The Gordon Murray Automotive S1 is a sports car manufactured by Gordon Murray Automotive. Originally conceived as a few-off with the S1 LM variant in 2025, in 2026 at The Quail GMA revealed the more street focused S1 with a planned production run of 64 vehicles. However, despite the production run being generally larger than other few-off cars of GMA, the S1 (like the S1 LM) is still produced by the Special Vehicles division of GMA.

The car features a 4.2L V12, a larger displacement development of the Cosworth V12 used in previous Gordon Murray Automotive vehicles such as the T.50. It is claimed by GMA that the S1 weighs less than 997 kg.
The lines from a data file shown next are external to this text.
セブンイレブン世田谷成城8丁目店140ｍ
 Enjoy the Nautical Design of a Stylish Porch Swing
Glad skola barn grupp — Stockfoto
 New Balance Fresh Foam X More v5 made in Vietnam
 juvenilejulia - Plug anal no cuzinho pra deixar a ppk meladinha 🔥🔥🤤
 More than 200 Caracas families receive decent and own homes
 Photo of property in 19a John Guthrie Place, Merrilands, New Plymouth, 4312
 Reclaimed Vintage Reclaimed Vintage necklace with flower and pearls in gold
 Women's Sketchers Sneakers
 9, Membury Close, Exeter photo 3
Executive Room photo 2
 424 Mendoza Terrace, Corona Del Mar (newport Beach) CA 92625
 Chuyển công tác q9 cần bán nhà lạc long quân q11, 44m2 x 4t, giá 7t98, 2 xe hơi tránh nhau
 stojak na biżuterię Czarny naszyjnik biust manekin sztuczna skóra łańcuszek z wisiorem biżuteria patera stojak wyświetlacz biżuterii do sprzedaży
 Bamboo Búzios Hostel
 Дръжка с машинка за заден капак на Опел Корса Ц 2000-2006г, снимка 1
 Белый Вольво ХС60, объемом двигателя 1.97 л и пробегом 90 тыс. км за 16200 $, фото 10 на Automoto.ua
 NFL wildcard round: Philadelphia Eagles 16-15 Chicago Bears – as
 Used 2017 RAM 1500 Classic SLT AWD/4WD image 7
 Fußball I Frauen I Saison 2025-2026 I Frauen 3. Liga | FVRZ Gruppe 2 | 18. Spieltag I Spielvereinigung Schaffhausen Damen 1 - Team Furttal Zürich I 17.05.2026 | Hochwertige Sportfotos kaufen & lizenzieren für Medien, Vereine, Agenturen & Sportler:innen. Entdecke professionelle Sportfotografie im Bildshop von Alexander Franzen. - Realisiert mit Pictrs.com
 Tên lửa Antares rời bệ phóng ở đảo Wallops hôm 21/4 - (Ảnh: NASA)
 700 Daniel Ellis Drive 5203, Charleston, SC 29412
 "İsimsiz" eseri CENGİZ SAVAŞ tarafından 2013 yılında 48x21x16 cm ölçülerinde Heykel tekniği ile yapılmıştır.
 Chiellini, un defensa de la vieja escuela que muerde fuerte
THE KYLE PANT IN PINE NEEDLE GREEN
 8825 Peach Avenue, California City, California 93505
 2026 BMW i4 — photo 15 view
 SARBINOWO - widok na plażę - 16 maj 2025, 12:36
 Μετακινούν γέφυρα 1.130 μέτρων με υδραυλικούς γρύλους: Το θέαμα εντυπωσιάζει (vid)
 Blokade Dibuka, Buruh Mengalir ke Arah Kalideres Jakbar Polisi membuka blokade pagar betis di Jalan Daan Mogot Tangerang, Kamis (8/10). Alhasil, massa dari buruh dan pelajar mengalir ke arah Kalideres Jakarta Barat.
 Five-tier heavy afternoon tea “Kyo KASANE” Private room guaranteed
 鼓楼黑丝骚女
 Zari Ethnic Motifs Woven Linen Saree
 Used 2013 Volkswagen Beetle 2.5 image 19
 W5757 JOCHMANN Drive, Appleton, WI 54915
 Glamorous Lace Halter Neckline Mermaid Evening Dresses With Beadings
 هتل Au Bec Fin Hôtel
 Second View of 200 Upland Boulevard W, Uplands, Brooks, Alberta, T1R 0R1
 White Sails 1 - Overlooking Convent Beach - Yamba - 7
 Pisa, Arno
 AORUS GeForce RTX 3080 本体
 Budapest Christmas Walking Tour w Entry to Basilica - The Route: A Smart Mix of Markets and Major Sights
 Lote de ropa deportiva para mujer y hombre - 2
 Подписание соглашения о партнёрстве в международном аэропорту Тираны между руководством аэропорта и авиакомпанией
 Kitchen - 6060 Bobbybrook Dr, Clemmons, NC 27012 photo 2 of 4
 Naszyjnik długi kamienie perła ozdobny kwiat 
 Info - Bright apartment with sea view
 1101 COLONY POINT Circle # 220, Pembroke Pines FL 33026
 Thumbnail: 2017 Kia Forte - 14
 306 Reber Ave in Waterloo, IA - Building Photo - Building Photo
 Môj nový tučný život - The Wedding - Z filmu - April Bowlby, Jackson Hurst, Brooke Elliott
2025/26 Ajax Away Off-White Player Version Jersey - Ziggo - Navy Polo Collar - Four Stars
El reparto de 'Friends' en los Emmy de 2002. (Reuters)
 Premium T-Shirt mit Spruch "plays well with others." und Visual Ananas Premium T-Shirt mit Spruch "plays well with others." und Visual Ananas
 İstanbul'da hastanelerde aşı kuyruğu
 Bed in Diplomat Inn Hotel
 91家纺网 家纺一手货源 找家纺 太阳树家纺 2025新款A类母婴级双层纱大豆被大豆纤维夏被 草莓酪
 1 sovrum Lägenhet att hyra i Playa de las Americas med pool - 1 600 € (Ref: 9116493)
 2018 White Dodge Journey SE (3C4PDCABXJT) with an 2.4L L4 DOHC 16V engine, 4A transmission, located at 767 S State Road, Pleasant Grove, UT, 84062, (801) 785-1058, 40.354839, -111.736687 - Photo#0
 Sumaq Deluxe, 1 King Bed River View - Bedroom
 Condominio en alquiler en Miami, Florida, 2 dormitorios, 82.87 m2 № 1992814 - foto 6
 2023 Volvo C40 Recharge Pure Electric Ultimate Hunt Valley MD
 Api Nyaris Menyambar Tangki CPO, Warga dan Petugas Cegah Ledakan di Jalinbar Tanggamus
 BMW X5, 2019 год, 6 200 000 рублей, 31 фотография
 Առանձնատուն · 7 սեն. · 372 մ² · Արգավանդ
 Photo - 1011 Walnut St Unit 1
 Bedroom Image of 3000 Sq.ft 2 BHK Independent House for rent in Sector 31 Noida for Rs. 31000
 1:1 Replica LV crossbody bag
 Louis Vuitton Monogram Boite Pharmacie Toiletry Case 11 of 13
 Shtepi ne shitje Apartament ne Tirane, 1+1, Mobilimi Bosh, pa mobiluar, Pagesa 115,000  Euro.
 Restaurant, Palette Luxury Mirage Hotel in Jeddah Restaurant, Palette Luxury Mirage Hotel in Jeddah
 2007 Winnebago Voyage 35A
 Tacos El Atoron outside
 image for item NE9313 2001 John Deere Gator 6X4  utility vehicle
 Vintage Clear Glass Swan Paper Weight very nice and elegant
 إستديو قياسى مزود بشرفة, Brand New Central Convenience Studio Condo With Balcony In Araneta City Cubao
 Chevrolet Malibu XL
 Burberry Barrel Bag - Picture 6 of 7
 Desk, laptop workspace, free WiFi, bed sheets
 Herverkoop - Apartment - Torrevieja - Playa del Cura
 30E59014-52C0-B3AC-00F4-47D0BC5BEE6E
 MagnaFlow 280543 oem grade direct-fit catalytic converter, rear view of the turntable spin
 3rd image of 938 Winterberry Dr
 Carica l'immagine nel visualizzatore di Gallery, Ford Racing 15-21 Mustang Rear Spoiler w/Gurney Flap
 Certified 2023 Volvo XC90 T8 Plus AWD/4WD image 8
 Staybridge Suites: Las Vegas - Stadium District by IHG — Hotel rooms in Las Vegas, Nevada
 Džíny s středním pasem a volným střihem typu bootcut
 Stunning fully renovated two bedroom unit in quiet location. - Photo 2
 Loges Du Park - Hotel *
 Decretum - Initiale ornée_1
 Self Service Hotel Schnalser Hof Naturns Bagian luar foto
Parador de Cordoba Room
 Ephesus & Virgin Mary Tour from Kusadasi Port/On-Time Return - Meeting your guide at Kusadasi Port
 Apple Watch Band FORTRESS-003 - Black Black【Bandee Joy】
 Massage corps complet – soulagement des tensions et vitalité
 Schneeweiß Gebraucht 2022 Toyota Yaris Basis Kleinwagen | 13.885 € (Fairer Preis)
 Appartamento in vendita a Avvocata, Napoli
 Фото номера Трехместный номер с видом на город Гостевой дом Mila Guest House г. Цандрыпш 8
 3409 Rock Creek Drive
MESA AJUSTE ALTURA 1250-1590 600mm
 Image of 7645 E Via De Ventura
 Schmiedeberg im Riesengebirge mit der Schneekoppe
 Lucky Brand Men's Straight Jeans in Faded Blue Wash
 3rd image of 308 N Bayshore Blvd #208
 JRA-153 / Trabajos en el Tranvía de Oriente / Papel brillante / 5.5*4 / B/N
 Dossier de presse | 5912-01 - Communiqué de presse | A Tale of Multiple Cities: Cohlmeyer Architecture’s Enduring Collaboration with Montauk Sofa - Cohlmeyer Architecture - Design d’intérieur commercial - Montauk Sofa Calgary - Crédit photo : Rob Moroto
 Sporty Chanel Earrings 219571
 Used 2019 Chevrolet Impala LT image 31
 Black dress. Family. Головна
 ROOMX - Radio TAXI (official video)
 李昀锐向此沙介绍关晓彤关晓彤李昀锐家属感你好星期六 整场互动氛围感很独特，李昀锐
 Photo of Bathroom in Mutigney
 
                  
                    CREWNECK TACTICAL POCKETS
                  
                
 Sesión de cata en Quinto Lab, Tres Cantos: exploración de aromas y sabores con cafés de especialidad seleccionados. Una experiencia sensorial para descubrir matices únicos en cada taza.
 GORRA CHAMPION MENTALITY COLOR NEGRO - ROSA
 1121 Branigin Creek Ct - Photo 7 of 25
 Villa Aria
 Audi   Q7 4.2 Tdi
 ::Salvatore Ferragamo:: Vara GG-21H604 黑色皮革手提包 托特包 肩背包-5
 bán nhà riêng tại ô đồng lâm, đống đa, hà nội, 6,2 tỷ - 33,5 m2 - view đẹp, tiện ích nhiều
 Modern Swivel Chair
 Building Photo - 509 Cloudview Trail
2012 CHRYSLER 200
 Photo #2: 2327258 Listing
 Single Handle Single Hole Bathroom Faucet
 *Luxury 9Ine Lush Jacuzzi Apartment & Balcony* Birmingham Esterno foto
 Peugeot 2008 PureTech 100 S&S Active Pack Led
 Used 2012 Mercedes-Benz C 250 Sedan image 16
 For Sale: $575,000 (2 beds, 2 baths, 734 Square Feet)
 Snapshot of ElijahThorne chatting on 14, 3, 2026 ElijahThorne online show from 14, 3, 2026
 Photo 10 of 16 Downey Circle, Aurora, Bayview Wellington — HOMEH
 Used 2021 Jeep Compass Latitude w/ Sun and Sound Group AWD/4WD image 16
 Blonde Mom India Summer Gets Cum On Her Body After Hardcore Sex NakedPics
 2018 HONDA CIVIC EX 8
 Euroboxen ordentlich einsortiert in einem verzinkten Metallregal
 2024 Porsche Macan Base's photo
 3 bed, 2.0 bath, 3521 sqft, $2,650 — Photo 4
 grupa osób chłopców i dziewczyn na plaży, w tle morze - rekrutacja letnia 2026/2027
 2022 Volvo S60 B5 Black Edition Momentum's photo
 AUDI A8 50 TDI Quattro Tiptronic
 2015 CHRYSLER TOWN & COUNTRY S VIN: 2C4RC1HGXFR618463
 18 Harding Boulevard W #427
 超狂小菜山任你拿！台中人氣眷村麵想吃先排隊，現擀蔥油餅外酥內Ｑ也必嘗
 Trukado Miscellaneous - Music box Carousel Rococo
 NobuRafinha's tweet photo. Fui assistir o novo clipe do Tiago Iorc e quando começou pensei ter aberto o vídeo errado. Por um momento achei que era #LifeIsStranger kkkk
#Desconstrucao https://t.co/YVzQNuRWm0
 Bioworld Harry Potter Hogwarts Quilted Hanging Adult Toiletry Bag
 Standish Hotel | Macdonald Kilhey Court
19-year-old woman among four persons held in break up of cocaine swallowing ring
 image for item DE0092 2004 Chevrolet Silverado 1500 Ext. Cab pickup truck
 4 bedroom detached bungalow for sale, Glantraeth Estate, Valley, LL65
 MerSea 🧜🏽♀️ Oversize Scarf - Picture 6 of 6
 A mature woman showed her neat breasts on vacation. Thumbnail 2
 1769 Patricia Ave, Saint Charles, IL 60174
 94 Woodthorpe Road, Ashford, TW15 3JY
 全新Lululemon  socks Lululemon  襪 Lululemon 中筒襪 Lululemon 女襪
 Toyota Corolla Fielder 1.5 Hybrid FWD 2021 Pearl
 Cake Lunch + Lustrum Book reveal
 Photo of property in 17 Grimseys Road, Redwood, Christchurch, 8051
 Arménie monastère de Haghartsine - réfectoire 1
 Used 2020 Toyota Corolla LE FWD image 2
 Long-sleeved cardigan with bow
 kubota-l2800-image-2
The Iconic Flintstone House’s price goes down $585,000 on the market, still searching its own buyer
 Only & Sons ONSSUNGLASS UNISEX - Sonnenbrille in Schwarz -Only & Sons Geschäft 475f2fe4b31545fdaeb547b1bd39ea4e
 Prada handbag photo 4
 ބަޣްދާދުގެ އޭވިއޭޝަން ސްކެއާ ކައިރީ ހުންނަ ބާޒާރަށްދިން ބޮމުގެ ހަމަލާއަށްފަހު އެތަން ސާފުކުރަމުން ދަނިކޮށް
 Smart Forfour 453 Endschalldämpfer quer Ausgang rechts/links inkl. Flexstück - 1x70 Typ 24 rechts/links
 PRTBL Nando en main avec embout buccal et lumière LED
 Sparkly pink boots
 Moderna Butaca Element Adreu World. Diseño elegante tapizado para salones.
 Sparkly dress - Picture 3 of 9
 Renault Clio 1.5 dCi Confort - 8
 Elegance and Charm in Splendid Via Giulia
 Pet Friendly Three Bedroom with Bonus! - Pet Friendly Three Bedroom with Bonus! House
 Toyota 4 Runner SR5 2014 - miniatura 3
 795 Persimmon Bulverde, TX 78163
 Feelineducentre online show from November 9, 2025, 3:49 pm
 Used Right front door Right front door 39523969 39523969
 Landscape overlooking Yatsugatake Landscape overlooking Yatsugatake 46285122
In 2025 S1 LM chassis number 001 was sold at auction for $20,630,000, setting a then record for the highest sale price of a new car.

== Variants ==

=== S1 LM ===
The S1 LM was the first of the S1 variants, being revealed at The Quail in 2025. It had a production run of 5 vehicles all sold to the same buyer, however at least one was sold shortly after for a then new production car record of $20,630,000.

Compared to the S1, the S1 LM features a slightly larger displacement engine of 4.3L and a lower advertised weight of 957 kg, combined with more downforce from a large rear wing and front splitter.

The design of the S1 LM is an homage to the Le Mans winning McLaren F1 GTR, closely resembling it in many aspects.